The manufacturer, which said it had seen a “significant slowdown in demand” in recent months, also reported an operating margin for the three-month period of 4.9%, compared to 9.9% for the same period last year.
Volvo Group president and CEO Olof Persson said the manufacturer had cut production rates in response to weakening market conditions.
“Volvo CE noted a decline in demand in an increasing number of markets throughout the world, higher inventories among our dealers in Europe and China and stiffer price competition. Against that backdrop we decided to reduce production rates. When markets subsequently weakened further, especially demand from the mining industry, we were forced to cut production further. As a consequence of the substantially reduced production, the under-absorption of costs in the industrial system was considerable.”
Mr Persson said this, combined with increased price pressures, had put the manufacturer’s construction equipment operating margin under increasing pressure.
“However, it is positive that we, in this declining market, have managed to reduce both our own inventories and those at our dealers for five consecutive months,” Mr Persson added.
Based on the weak trend in the global economy, higher industry inventories and increased price competition, Volvo CE said it expected the pressure on its earnings to continue in the fourth quarter. It added that it had started a programme to reduce overall costs.
Overall market forecasts
The manufacturer forecast that the overall Chinese construction equipment market would decline between 25% and 35% this year (deeper than Volvo CE’s previous forecast of declines of between 15% and 25% for 2012).
For the full year, the European construction equipment market is expected to be down between 0% and 10% (compared to the previous forecast of a flat market), while North America is expected to grow between 15% and 25% (unchanged forecast) and South America by 0% and 10% (unchanged forecast).

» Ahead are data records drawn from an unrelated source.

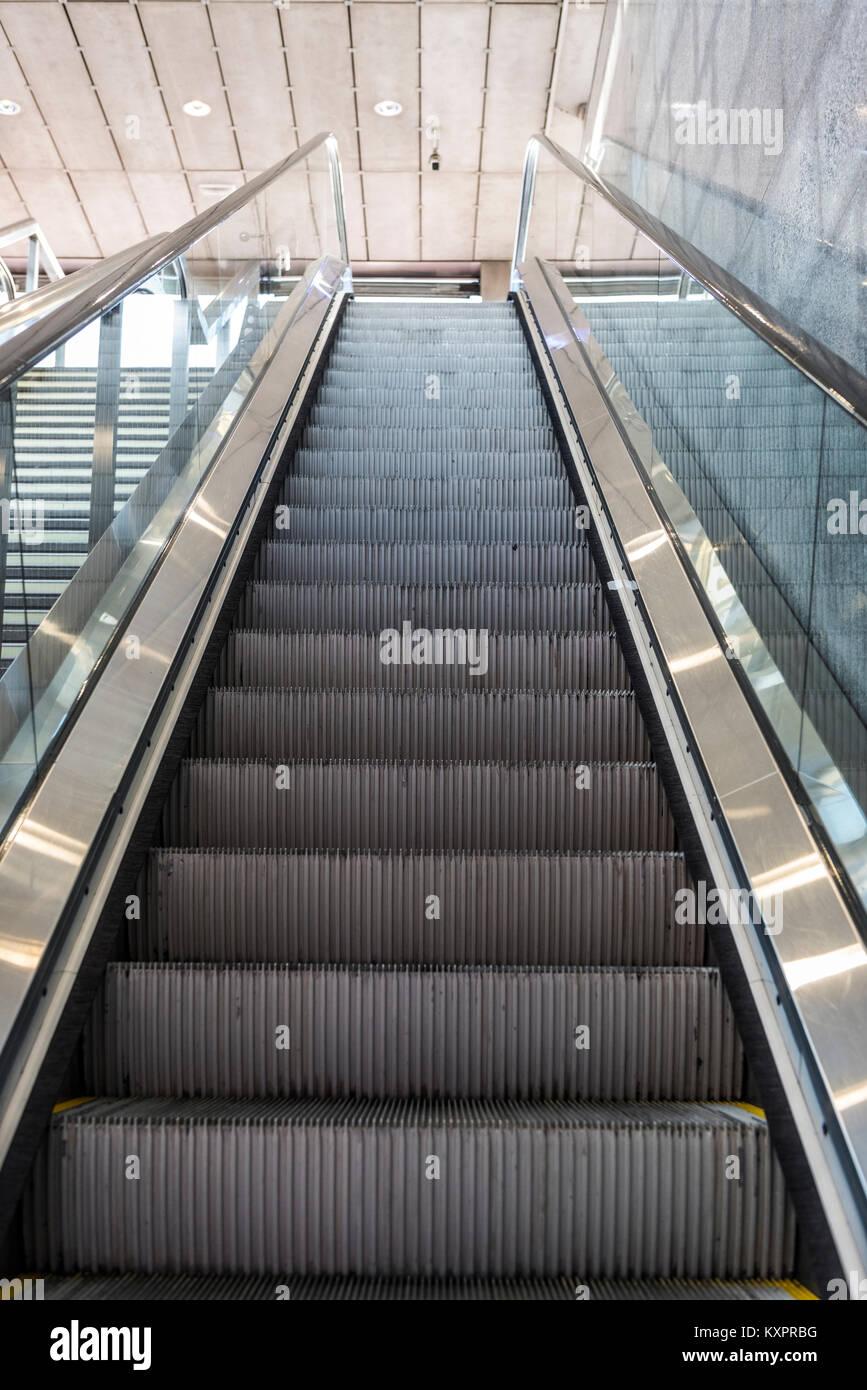 Mechanische Rolltreppe. Stockfoto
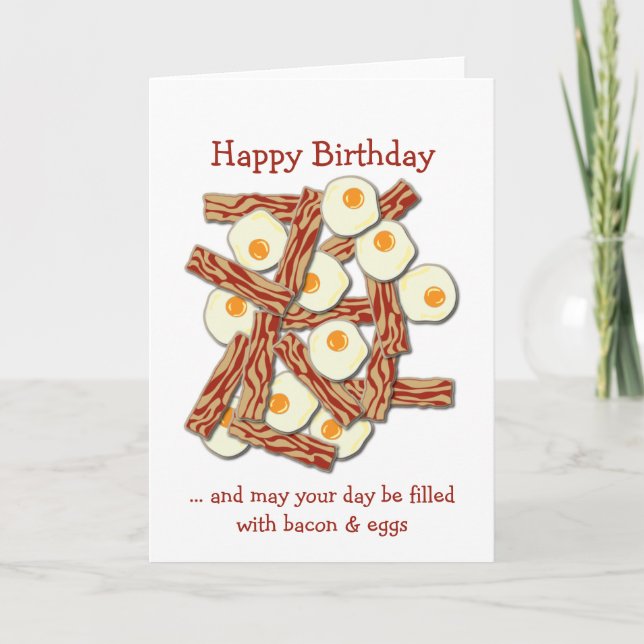 Bacon and Eggs Happy Birthday Karte (Vorderseite)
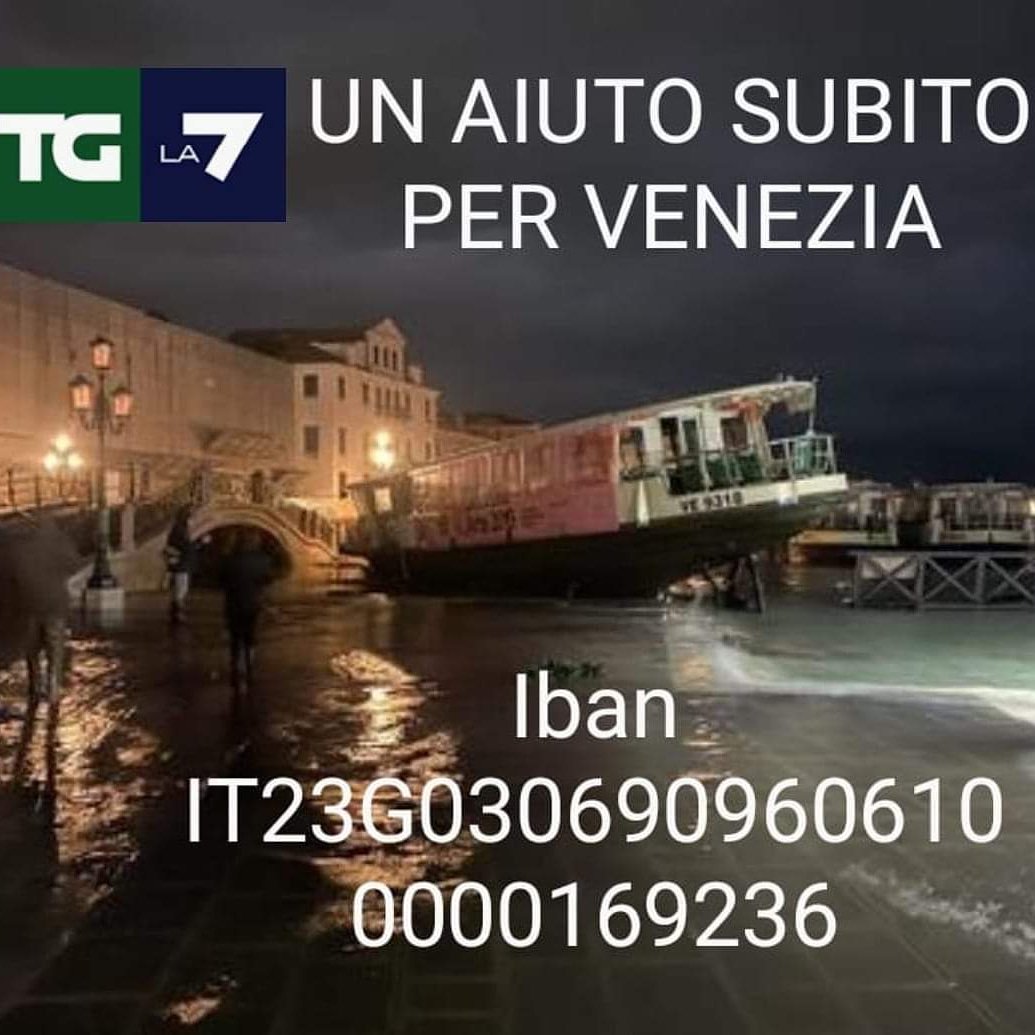 Non posso che rilanciare anch'io l'appello del Direttore Enrico Mentana e del <a href="/TgLa7/">Tg La7</a> . ❤️ "Un aiuto subito per Venezia." Iban: IT23G0306909606100000169236.Grazie a chi potrà e vorrà donare. 🙏
#unaiutosubito #venezia #unaiutosubitopervenezia #tgla7 #enricomentana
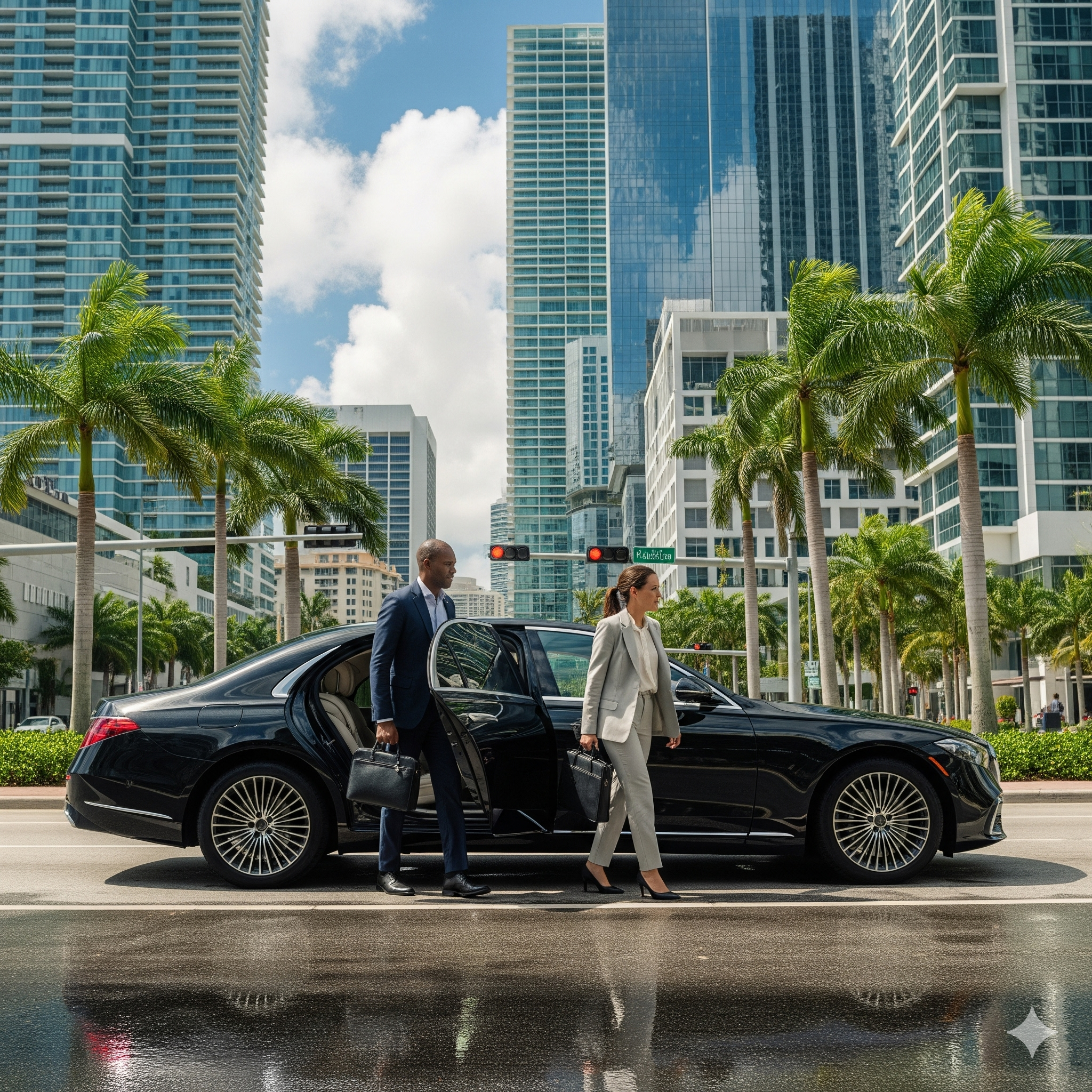 Luxury Miami limo service with professional chauffeur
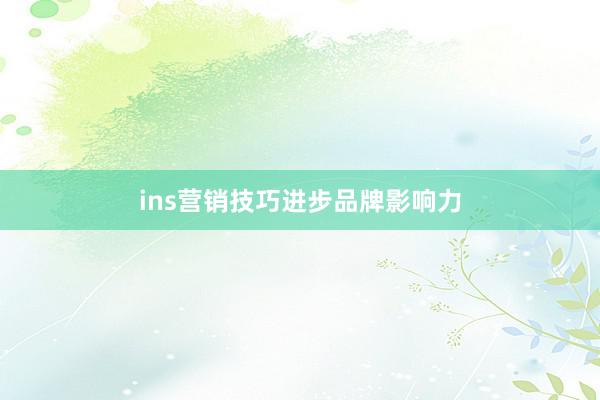 ins营销技巧进步品牌影响力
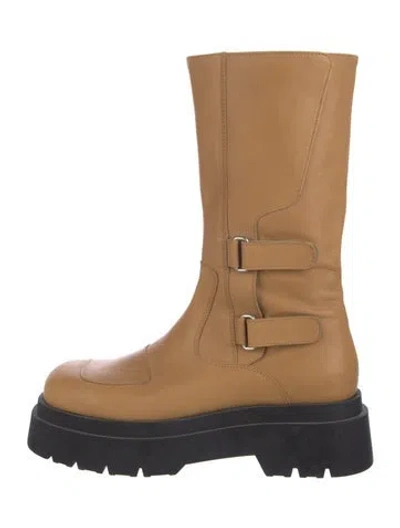 Pre-owned Eb By Miista Leather Colorblock Pattern Rain Boots In Yellow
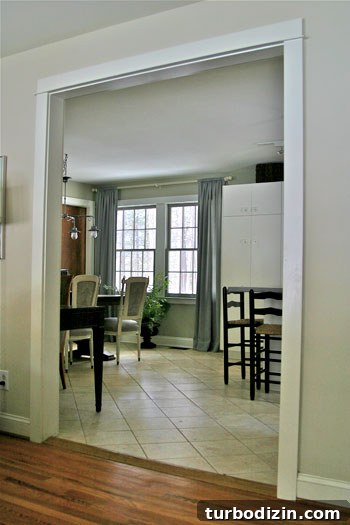 Zinc topped island and breakfast nook
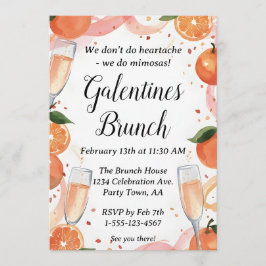 Galentine Mimosa Brunch Party Invite Personalized 招待状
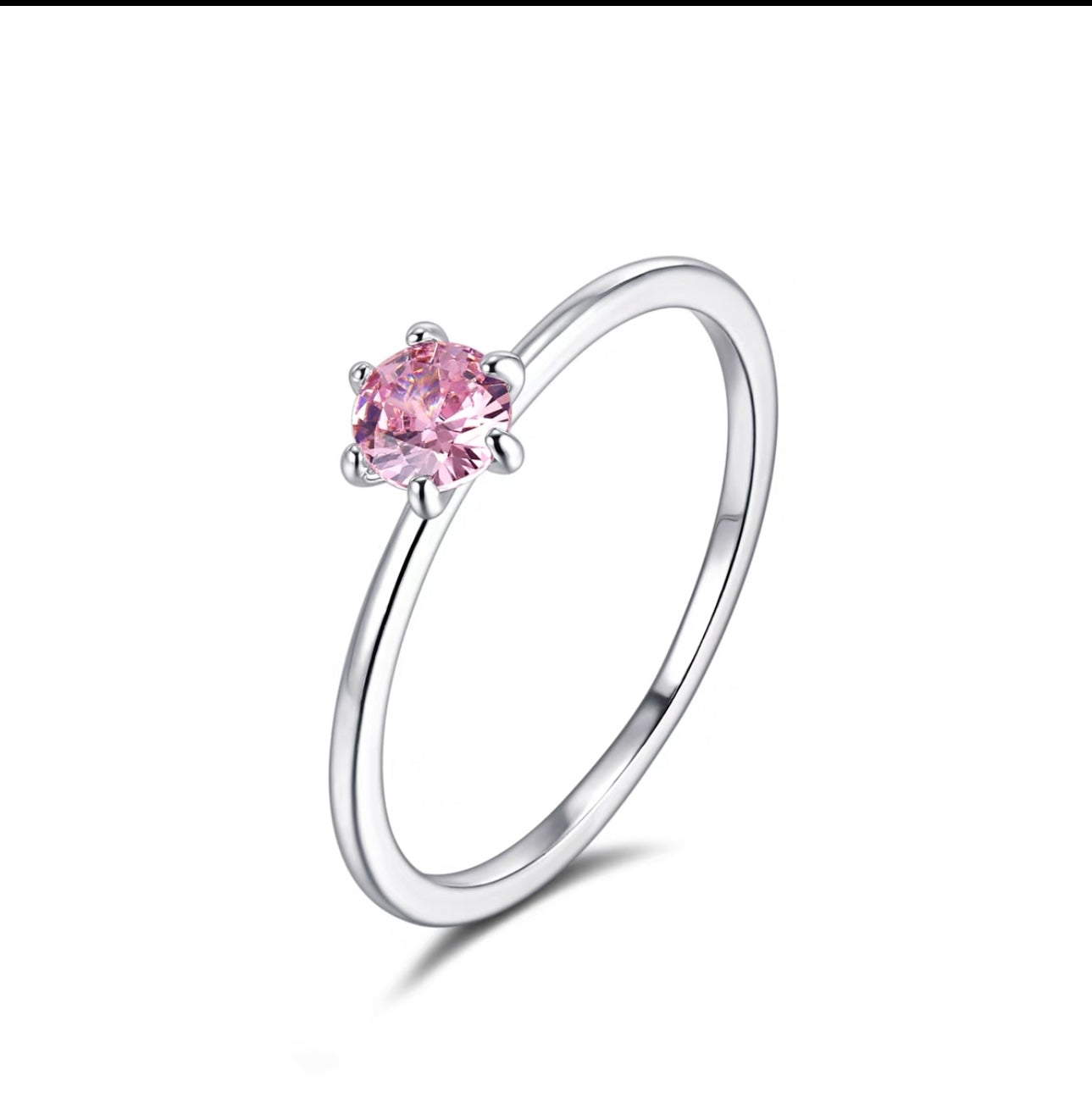 Cherry blossom pink ring six-piece set sweet flash diamond love gemstone butterfly ring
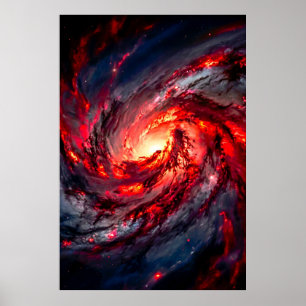 Poster Galaxie nébuleuse spatiale de charbon rouge apocal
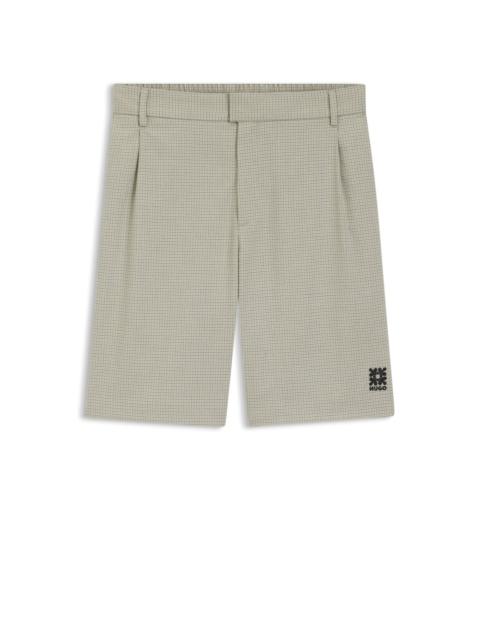 HUGO RELAXED-FIT SHORTS WITH HOUNDSTOOTH PATTERN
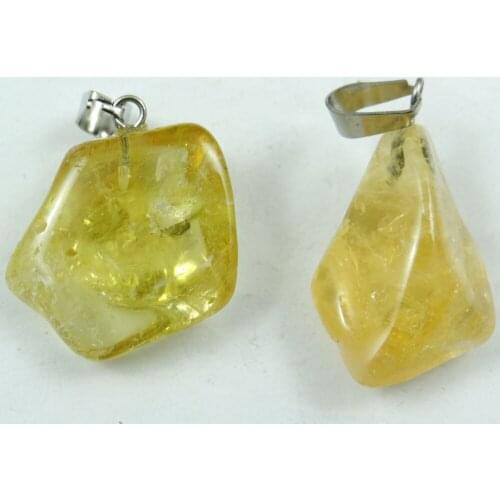 Natural Gem Stone Quartz yellow Crystal Irregular Shape Citrine charm Pendant for diy Jewelry making Necklaces Accessories 24pcs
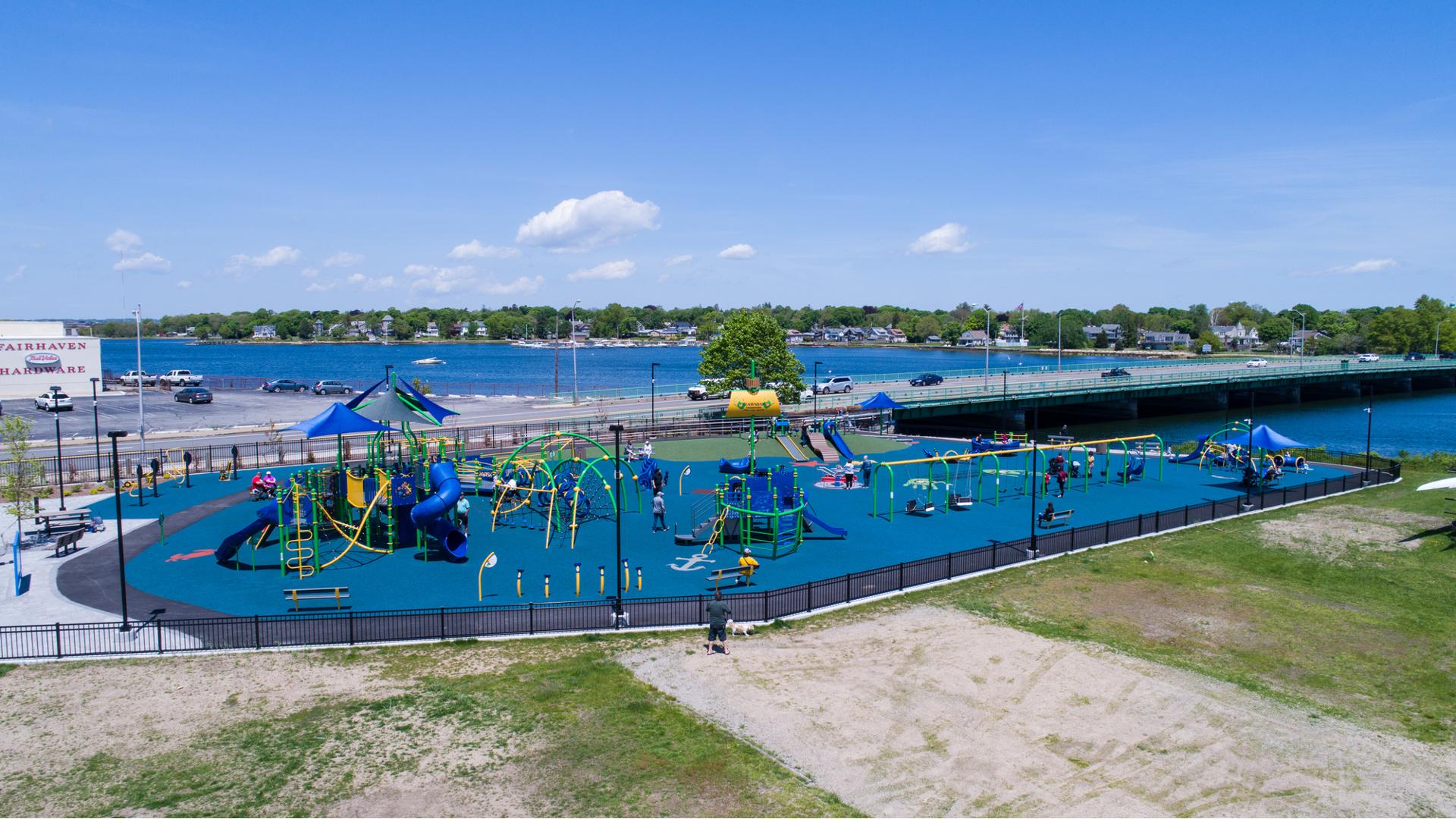 Noah's Place Playground New Bedford, MA offers a fully ramped PlayBooster® playstructure along with the Sensory Play Center®, Sway Fun® glider, We-saw™ and OmniSpin® spinner. In addition, there is a ship-themed playstructure, playground swings, net climbers and a Weevos® playstructure.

Asia excluding China is expected to grow 0% and 10% for the full year (unchanged forecast).
And further declines are predicted for 2013, according to Volvo CE, which cautioned that developments for next year were difficult to assess.
Nevertheless, it forecast that Europe would see its construction equipment market decline between 5% and 15% next year, while North America could see anything from a decline of 5% to an increase of 5%.
Anything between a decline of 5% to an increase of 5% was also forecast for South America, other markets and the Chinese market. Asia excluding China is expected to see falls of between 10% and 0%.